One of the authors (Rabbi Jessica) is a dear friend, AND I really believe this is a generational defining book, one we’ll be talking about, referencing, pulling quotes from, and reminiscing about for years to come. For Times Such as These is beautiful both as a mirror to the powerful queer, left, anti/non Zionist organizing we’ve been doing, and as a guide to the future we’re building and making possible together. This book offers inspiration and tools to weave Jewish text, ritual and history into our work and our lives, especially amidst unending horror and genocide in Palestine, happening in our name as Jews and with our US tax dollars / weapons. This book was critical in an important turning point in my own life, where I’ve recommitted in new ways to Jewish practice and learning, so I’m not being dramatic when I say it was life changing to dig into this. I think this book will move you regardless of your relationship to Judaism, it’s needed as a balm for the times we’re living through.

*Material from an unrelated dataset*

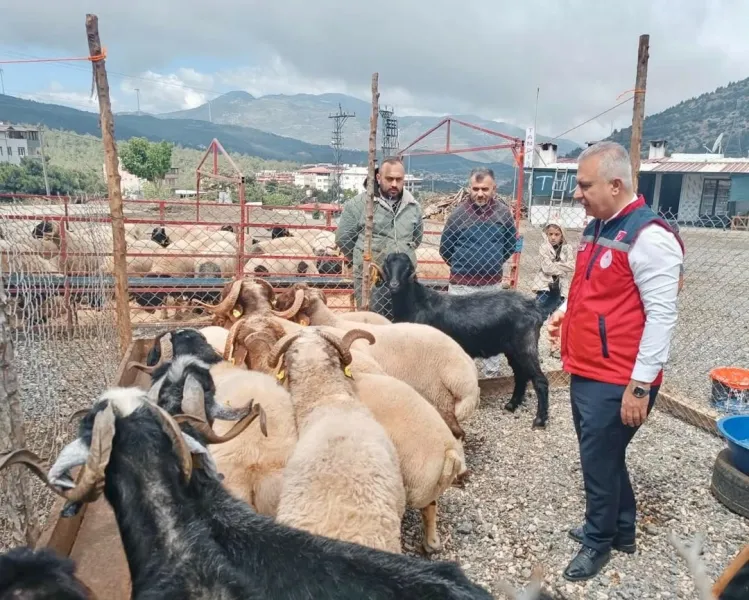 Tarım İl Müdürü’nden Kurbanlık Çıkarması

Oh, how I rejoiced that this book existed when I found it and, now that I have read it, I am even more delighted.
What a wonderful resource for anyone wanting to explore the Jewish year, especially from a Leftist perspective.
I am not Jewish but this book has both taught me so much about Judaism and offered me an invitation to further explore the calendar year of my own tradition (Christianity) in a similar way. This is something that I had already begun but 'For Times Such as These' has given me so many new ways of thinking about that.
The resources and bibliography alone are worth reading this book for. I fully intend to explore them all.
Endless gratitude to the authors for this work of heart. I know that I will return to it many times.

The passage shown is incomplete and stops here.